Apple is partnering with labor unions and education experts in a $50 million initiative to support workers across its supply chain.
The iPhone maker’s Supplier Employee Development Fund will go toward career skills, education initiatives and workplace rights, Apple said in a press release on Wednesday (March 30).
As part of the commitment, Apple is supporting the programs created by the International Labour Organization (ILO) and the International Organization for Migration (IOM).
“At IOM, we understand that supply chain responsibility is complex and must be driven by innovation, results, and partnerships,” Amy Pope, IOM’s deputy director general for management and reform, said in the release. “Improving people’s lives must be at its core.
“The IOM and Apple partnership has proven results in Apple’s own supply chain and paves the way for others in the industry to follow. To effect real change, we need global collaboration that engages workers, NGOs, government, and industry.
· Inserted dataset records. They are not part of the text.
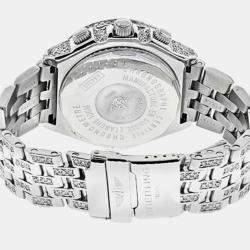 Breitling Customised White 15.00 Ct Diamond Stainless Steel Crosswind A44355 Automatic Men's Wristwatch 48mm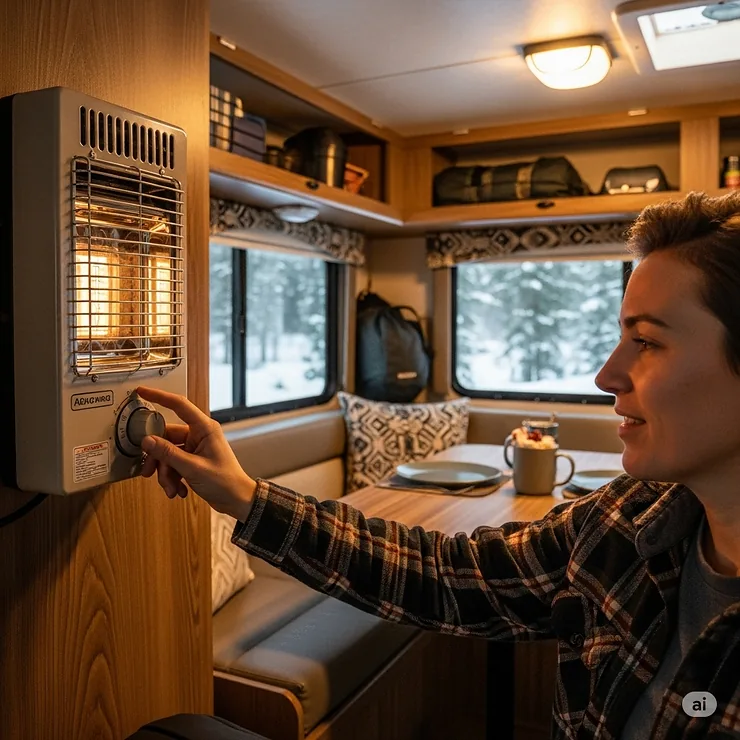 A camper adjusting the temperature on their propane heater to maintain a comfortable environment inside their RV.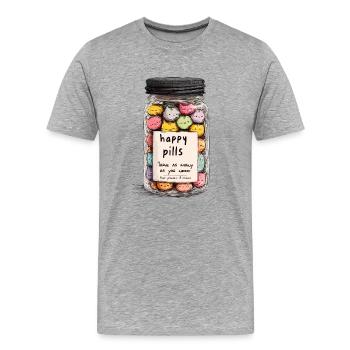 Happy Pills - Männer Premium Bio T-Shirt - Grau meliert - Vorne - Damien (186cm)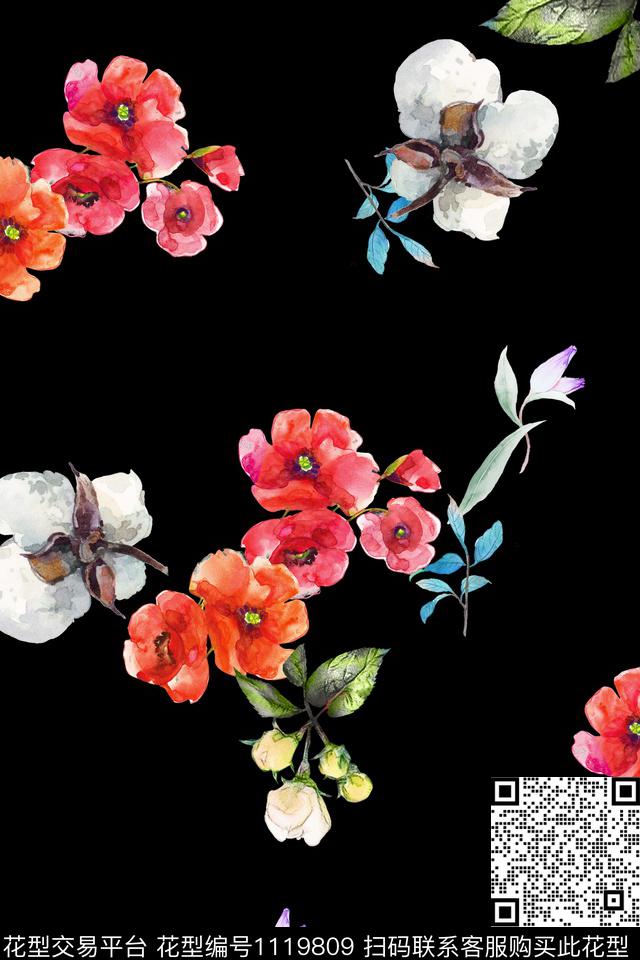 602.jpg - 1119809 - 花卉 数码花型 满版散花 - 数码印花花型 － 女装花型设计 － 瓦栏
Apple’s new commitments will have tangible, meaningful benefits for workers around the world.”
Apple also released its 16th annual People and Environment in Our Supply Chain report, which focuses on the company’s environmental initiatives, health and safety measures and forced-labor prevention strategy.
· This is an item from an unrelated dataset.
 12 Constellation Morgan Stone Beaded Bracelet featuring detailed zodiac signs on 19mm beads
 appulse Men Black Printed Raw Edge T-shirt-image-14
“We put people first in everything that we do, and we’re proud to announce a new commitment to accelerate our progress and provide even more opportunities for people across our supply chain,” said Sarah Chandler, Apple’s senior director of environment and supply chain innovation. “Together with rights advocates and education leaders, we are continuing to drive new innovation to support people and the planet.”
While Apple has offered in-person and virtual education, skill-building and enrichment courses since 2008, the Supplier Employee Development Fund expands its offerings to benefit supply chain workers worldwide, per the release. Initial courses will be available in the U.S., China, India and Vietnam.
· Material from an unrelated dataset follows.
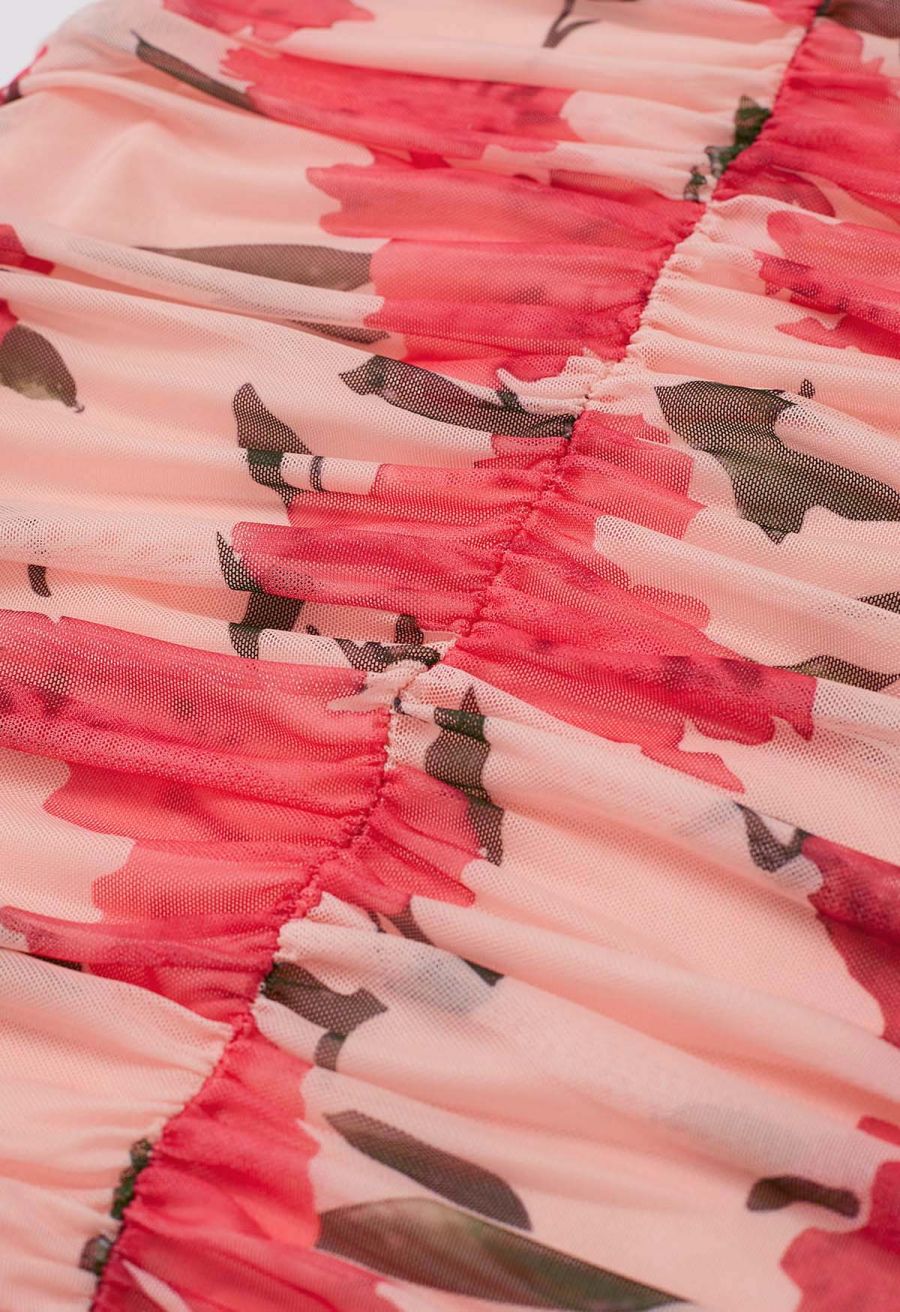 Pink Floral Ruched Mesh Cami Dress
By 2023, Apple expects more than 100,000 supplier employees to participate in new learning opportunities.
According to the report, Apple found 11 violations of its Supplier Code of Conduct in 2021, up from 10 violations the previous year. This included nine instances of suppliers falsifying records to cover up violations of working-hours limits, plus two instances of facilities requiring foreign contract workers to pay recruitment fees.